Ese niño, por ejemplo –y afoca nuestro personaje un lente inesperado que se saca de un bolsillito secreto del chaleco-, con pantalones cortos, las piernas gruesas y peludas, de piel morena, que está rodeado de un corrillo en el enorme patio de la escuela el primer día de clases, les está contando una película y yo lo alcanzo a oír, se trata de un programa que está en cartelera y creo que ya vi, Trípoli, no más que él dice Tripoli, quitándole el acento –ahora sé que su intuición etimológica no andaba nada lejos pero a los seis años me pareció imperdonable que no tuviera oído: Trííípoli, lo corregí; me miró de buen modo, enmendó y siguió adelante sin incomodarse con mi intervención. Estuvimos tres años en el mismo grupo y nos sentábamos juntos, jugábamos juntos y hablábamos mucho; como era más fuerte y atrevido que yo siempre me defendió de las broncas de niños y de los retos para probar nuestras bravuras, nos íbamos juntos a la salida, aunque él vivía dos cuadras antes y fuimos poniendo los riesgos, los rincones, las palmas de la mano oportunas para hacernos los mejores amigos. Mi amigo Arturo Ramírez se mudó a otro barrio y casi nos perdimos de vista porque los dos últimos años de la primaria ya no los compartimos.

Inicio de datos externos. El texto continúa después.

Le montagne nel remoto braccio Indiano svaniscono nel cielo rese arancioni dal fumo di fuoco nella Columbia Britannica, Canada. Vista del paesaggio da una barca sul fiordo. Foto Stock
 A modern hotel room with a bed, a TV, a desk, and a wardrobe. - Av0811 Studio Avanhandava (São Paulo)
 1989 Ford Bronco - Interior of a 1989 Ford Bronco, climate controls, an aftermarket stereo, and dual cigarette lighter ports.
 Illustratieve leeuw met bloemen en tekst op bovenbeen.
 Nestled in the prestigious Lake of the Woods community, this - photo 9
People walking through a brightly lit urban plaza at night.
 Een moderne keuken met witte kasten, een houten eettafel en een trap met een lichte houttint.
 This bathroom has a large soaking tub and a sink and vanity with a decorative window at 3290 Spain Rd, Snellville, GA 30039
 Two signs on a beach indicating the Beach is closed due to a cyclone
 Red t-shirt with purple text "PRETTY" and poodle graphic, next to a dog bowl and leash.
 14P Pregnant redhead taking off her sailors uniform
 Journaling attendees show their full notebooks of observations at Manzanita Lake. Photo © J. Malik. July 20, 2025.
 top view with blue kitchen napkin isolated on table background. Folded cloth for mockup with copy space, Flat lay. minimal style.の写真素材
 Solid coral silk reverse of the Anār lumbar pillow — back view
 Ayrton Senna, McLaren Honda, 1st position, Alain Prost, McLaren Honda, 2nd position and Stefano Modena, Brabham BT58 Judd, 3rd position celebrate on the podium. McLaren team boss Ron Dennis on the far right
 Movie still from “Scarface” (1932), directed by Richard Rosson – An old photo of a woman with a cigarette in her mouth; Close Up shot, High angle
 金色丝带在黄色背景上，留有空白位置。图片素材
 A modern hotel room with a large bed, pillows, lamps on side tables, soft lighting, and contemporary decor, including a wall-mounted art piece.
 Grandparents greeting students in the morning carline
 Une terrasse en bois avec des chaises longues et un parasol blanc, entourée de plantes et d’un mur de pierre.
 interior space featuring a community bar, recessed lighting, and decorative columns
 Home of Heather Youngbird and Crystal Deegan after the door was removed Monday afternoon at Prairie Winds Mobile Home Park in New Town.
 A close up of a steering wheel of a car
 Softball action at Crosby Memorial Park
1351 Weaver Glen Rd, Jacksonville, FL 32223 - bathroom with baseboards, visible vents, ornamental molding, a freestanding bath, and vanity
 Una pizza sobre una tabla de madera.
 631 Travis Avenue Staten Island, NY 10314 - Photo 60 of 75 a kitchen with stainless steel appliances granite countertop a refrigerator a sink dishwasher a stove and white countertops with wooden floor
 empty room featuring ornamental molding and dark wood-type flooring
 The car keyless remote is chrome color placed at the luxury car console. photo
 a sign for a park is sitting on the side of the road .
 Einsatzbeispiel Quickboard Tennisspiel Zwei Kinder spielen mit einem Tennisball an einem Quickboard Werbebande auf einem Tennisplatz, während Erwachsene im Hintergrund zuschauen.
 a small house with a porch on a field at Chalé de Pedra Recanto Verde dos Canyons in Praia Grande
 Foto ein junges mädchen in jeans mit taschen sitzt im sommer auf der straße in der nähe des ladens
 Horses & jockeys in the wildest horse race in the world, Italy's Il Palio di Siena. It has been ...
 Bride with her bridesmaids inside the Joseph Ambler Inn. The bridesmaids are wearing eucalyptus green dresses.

Muchos años después –sigue rememorando el que acampó en una saliente del vacío- desde un programa exitoso de televisión que conducía, lo evoqué, pedí que si alguien sabía de él le avisara que lo buscaba y quería verlo. Claro, reapareció, nos vimos con cariño y dificultad, con confianza y con aspereza, ya cada quien llevaba su vida adulta con sus buenas y sus malas y acudir a la niñez es uno de los mayores y más difíciles compromisos que puede haber entre dos señores que se encuentran y se ponen a buscar lo que tienen en común. No sé cómo sea entre mujer e infancia pero hombre y niño es una pésima fórmula para relacionarse con otro. Los hábitos, la idea del más allá, la política, el dinero, el éxito, los deseos no realizados, todo se interpone como si se estuviera ante un enemigo al que uno no tiene la intención de hacer ningún daño pero tampoco está dispuesto a recibirlo allí, en la parte más frágil, en la que como no aprendimos a hacerlo no sabemos cómo defender. Y la volvemos impenetrable. Hace muchísimos años que no sé de él; no sé si viva o muera, como yo.